Il fatto che il Dow Jones Industrial Average abbia uguagliato il record negativo registrato a ottobre del 2008 non è certo un dato incoraggiante: stiamo infatti parlando del periodo esatto in cui la crisi economica faceva sentire i suoi primi effetti, dunque bisogna pensare che si sono fatti dei passi indietro e si è tornati alla situazione di tre anni fa? In realtà, il ribasso dell’indice americano è stato provocato, in particolare, dall’ultimo annuncio della Federal Reserve, la quale ha fatto sapere che i rischi per l’economia, americana e non solo, non sono affatto diminuiti. Le perdite principali per quel che concerne la lista delle compagnie del Dow Materials sono state quelle di Alcoa Incorporated e di Dupont, con stime negative superiori ai quattordici punti percentuali.

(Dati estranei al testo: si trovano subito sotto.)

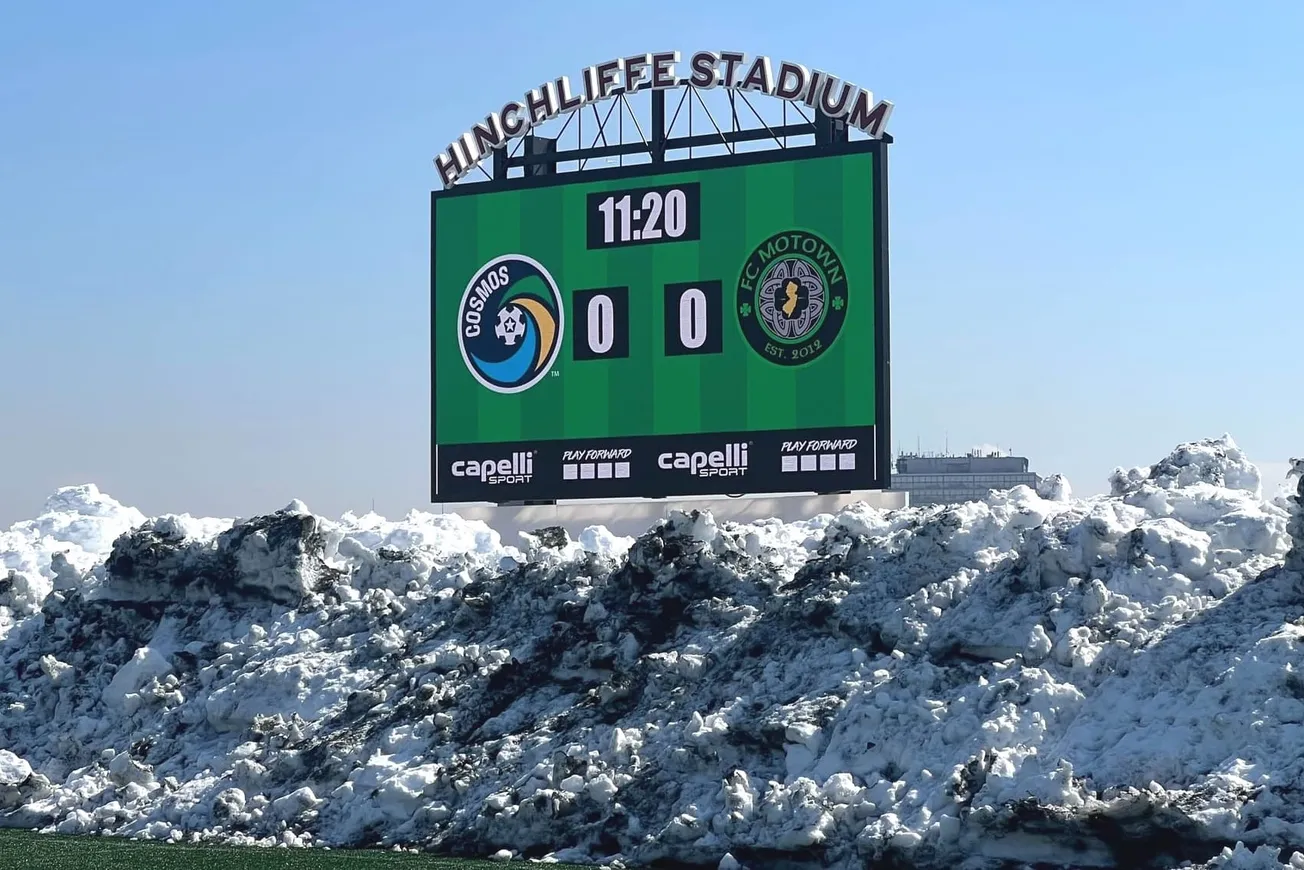 Cosmos beat FC Motown in friendly, first game in front of fans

Lo stesso discorso vale per lo Standard & Poor’s 500, con perdite medie del 12%. Questo accostamento al periodo più intenso di recessione non è mai stato così reale, anche se bisogna sottolineare che i dati in questione non sono definitivi e devono essere corroborati da altre rilevazioni; ciò nonostante, il mercato azionario americano si sta focalizzando sui possibili impatti che vi potrebbero essere. Il discorso della Fed ha influenzato negativamente anche le performance dell’Msci All-Country World Index, capace di perdere ben venti punti percentuali nel corso di questa settimana. La fiducia sembra dunque essere improvvisamente sparita, con la gente che sta realizzando in maniera sempre più concreta che non vi sono a disposizione molte opzioni di scelta.

Mohamed El-Erian, amministratore delegato della Pacific Investment Management, è stato molto chiaro in questo senso, spiegando come il mondo sarà investito da una nuova crisi finanziaria che avrà come epicentro il debito sovrano; i mercati stanno chiedendo espressamente agli investitori un cambiamento repentino, altrimenti si rischia una recessione dagli effetti più devastanti e dei ribassi azionari a doppia cifra (anche superiori al 20%) nel giro dei prossimi anni.